Which brings us to the first and perhaps strongest motivation to diet - to attain culturally accepted standards of attractiveness.  These criteria are simply known as "What 'they' are saying."  "They" can be any subset of the general population (parents, friends, coworkers, the fashion industry, the Federal Reserve Board), but given human nature and the predilections of our society, "they" are frequently some actual, potential, or mythical significant other.  Of course, seldom if ever do we actually know what "they" are saying.  It's often a matter of conjecture based on People magazine…which, of course, I would never buy but only read at the dentist’s office.

Although the desire to look good in the eyes of others is generally thought to be a female trait, I assure you that it drives men just as strongly.  We are simply less adept at comprehending and fulfilling this need.  We are also more sensitive to being thought conformist or vain, which are, paradoxically, merely other things "they" might say.  Luckily, we can hide our insecurity and narcissism behind the facade of health concerns.  More on this in a moment.

When viewed rationally, it must seem odd that mature, educated adults are prey to such silliness. Such a perspective, however, falsely presumes that we've actually grown up, whereas in reality, most of us are just inner-children who drive minivans.  The taunts, insults and indignities of childhood and adolescence continue to haunt us and govern our destiny as if we still hung out at the playground.  It matters not that we pay taxes, attend PTA meetings, or endure gum surgery.  The fifth grade bully, brainless high school jock, and sadistic Lolita wield more power in our lives than the combined influence of the President, Congress and Oprah…which, of course, I would never watch except when I’m too sick to work.

Fortunately, there is a general consensus that being overweight is unhealthy which gets us off the hook.  It's far easier to say "I have to lose weight because my family has a long history of heart problems, and since research has established a strong genetic link in cardiac pathologies, I must reduce risk factors wherever possible." than "I have to lose weight because that slut Cindy shot me down when I asked her to that dance senior year and went with that jerk Richie instead, so if I look really good, she'll know she made this totally stupid mistake and feel lousy."  This doesn't mean that the first statement is false (in my case, it's quite accurate) or irrelevant, only that the latter is more compelling.

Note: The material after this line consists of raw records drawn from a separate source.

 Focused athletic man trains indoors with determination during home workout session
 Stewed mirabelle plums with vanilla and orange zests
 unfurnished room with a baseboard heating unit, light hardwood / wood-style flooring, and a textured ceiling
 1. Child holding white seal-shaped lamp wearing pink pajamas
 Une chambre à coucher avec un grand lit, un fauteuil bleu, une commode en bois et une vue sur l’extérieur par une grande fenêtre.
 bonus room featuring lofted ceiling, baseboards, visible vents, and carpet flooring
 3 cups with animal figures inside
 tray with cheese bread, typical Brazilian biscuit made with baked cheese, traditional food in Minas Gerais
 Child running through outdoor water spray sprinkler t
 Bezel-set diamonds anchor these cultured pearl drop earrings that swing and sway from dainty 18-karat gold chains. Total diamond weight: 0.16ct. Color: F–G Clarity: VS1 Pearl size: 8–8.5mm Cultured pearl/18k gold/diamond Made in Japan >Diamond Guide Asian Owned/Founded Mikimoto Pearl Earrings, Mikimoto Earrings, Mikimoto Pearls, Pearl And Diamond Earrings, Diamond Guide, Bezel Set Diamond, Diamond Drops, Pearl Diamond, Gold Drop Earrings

How, I am often asked by an incredulous family and disbelieving friends, can anything be more compelling than your own mortality?  Isn't being deprived of the joys of life, wife and children or depriving them of you enough to shock you to your senses?  Well, yes and no.   Obviously, the thought of losing my family is unbearable and the idea of facing the great beyond terrifying, but I'm never going to die so there's no problem.  Lest you think I'm kidding, consider this:  When we're young, we truly don't believe we'll ever die, and when we get older, we realize that we are going to die someday, but the person who's going to die isn't me now, but some future me.  It's a whole different person, so why worry?  Besides, I'm hungry.

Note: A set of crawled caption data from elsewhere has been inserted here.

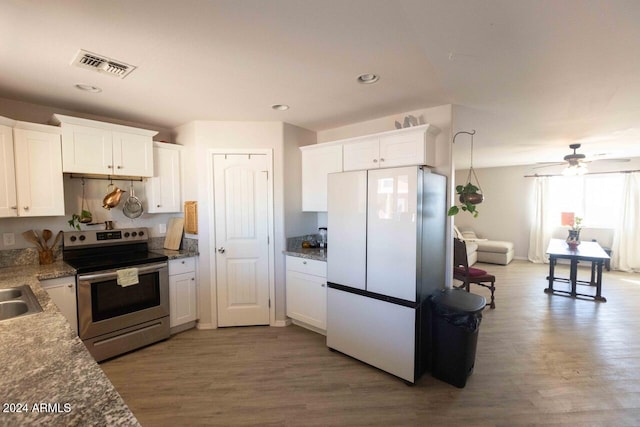 kitchen with white cabinets, stainless steel electric range oven, and dark wood-type flooring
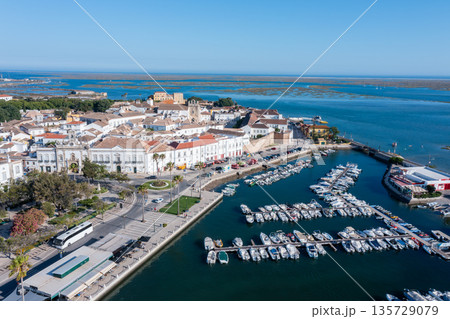 Visitors explore the dock in Faro, Algarve under clear skies. Boats are lined up in the water near the historic old town and Ria Formosa area Visitors explore the dock in Faro, Algarve under clear skies. Boats are lined up in the water near the historic old town and Ria Formosa area 135729079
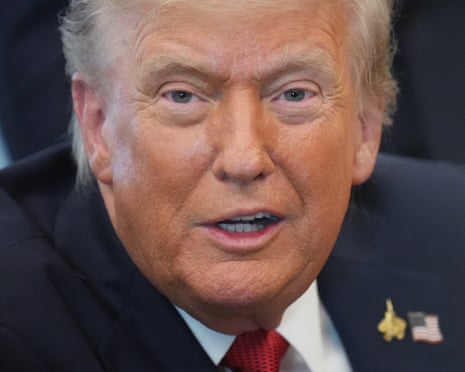 President Donald Trump speaks to reporters during an executive order signing in the Oval Office.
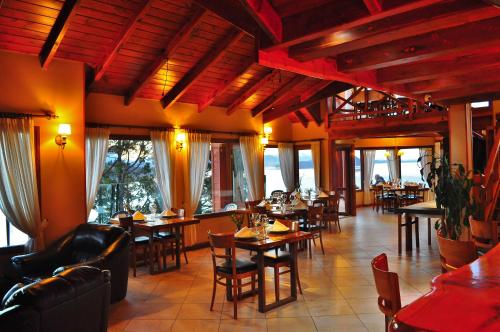 圣卡洛斯-德巴里洛切翠明私人豪华Spa酒店的一间在房间内配有桌椅的餐厅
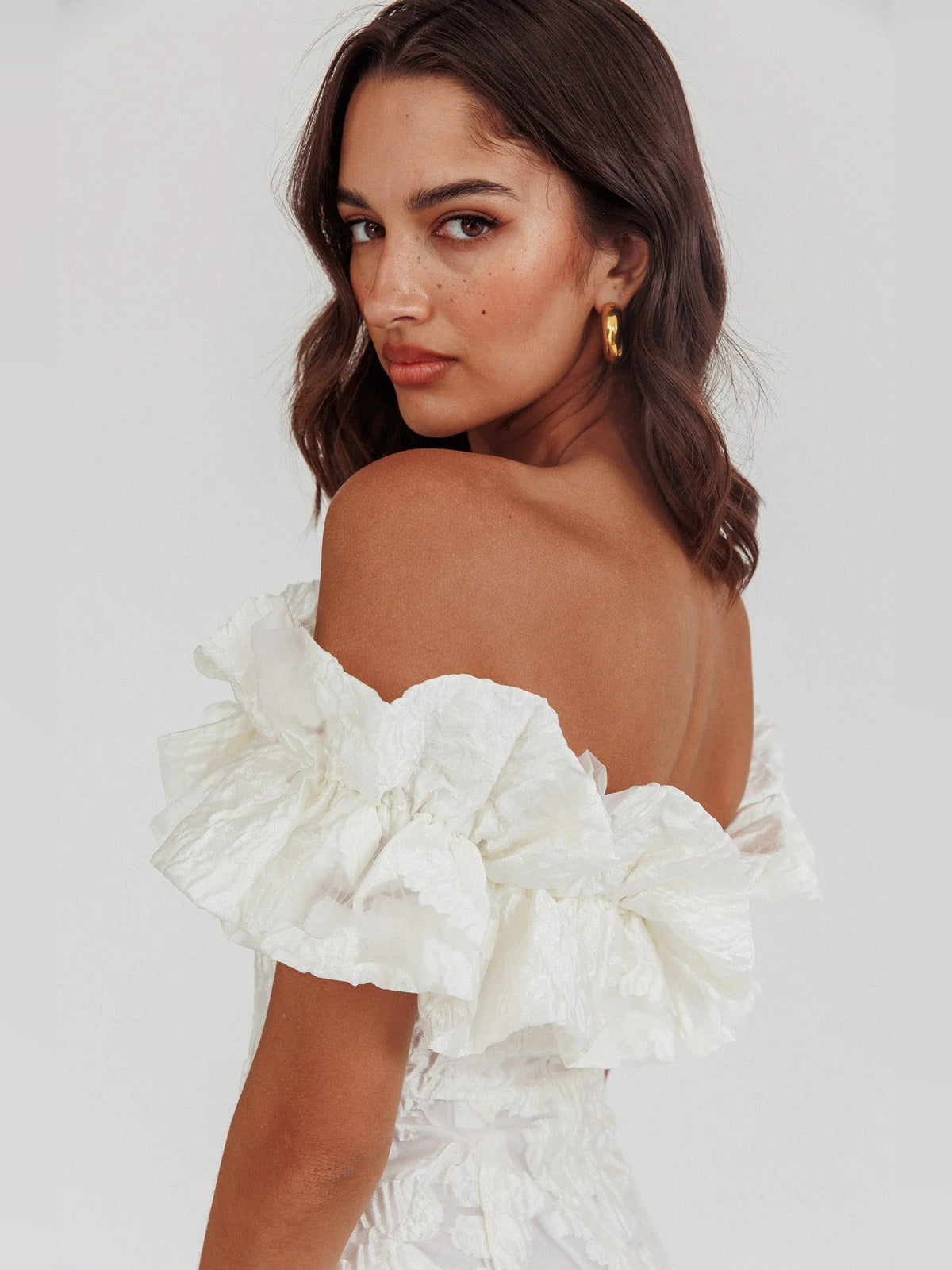 White off-shoulder mini dress with layered ruffle neckline and textured detail close-up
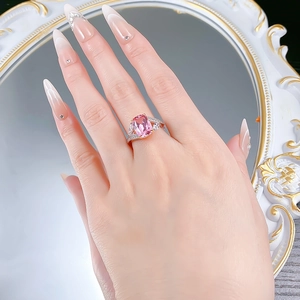 Gros plan d'une bague en argent S925 avec une pierre rose rectangulaire portée par un mannequin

Hence, the key to dietary motivation lies not in the medical research of 2009, but at the Prom of 1967.  The logical mind may have scads of good reasons to lose weight and the heart, figurative and literal, likewise, but if you can't persuade the jilted teenager that it's in his best interest, the whole thing will collapse.  Convince him and the rest of the brain and body will come along for the ride.

________________________________________________

1. G. K. Goodrick and J. P. Foreyt, "Why Treatments for Obesity Don't last, " Journal of the American Dietetic Association 91(Oct 1991):1243-47.